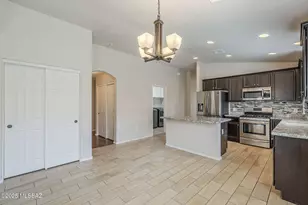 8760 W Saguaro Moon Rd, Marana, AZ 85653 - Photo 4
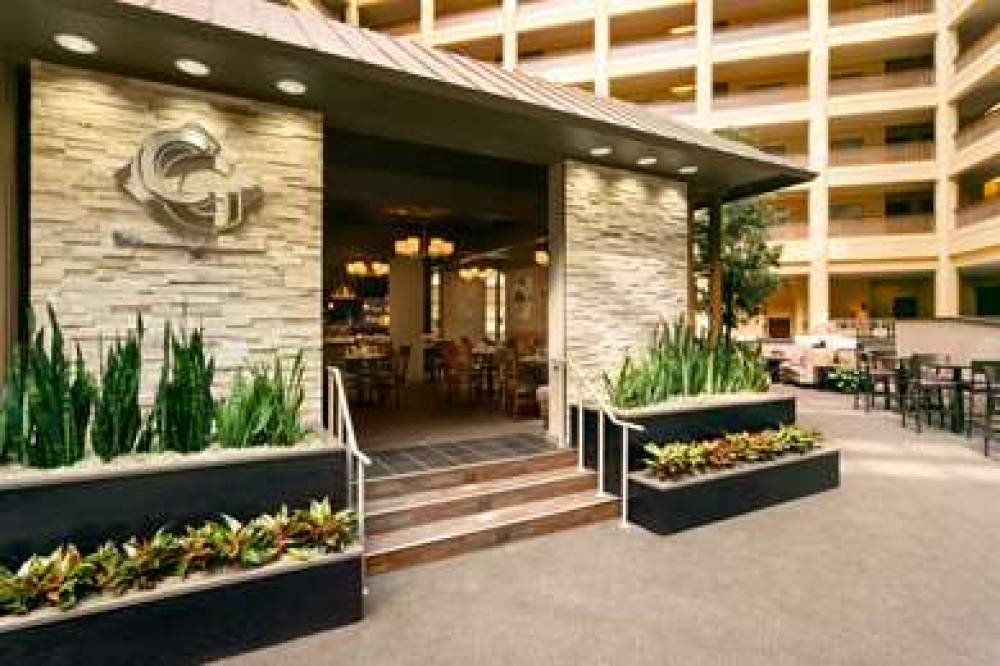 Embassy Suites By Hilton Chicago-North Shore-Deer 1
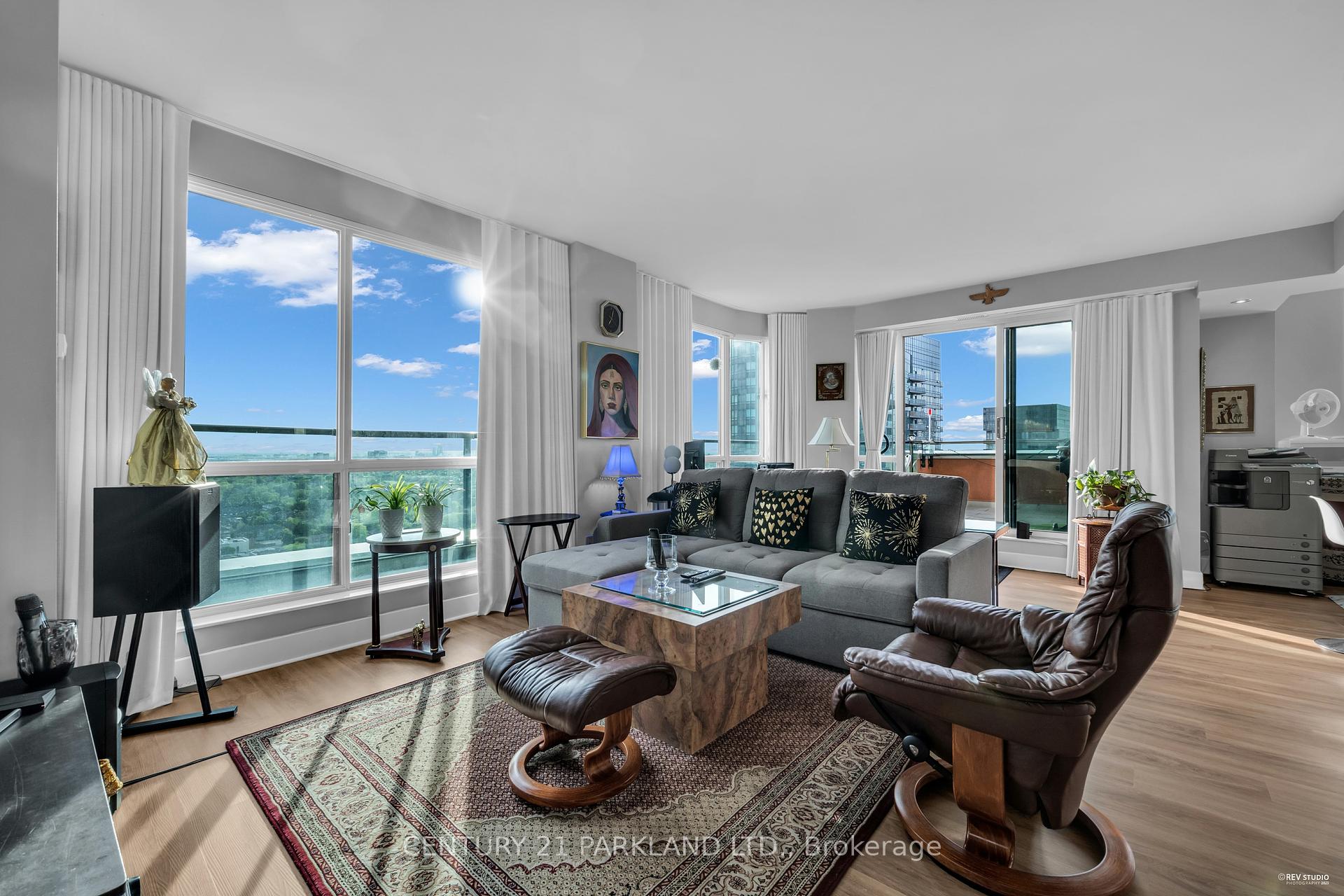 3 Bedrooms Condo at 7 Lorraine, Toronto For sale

• • • • • • •

§ **EXERCISE GOAL**:
Write out the material above exactly, and omit the pictures it holds.

§ **ANSWER BELOW**:
 8760 W Saguaro Moon Rd, Marana, AZ 85653 - Photo 4
 Embassy Suites By Hilton Chicago-North Shore-Deer 1
 3 Bedrooms Condo at 7 Lorraine, Toronto For sale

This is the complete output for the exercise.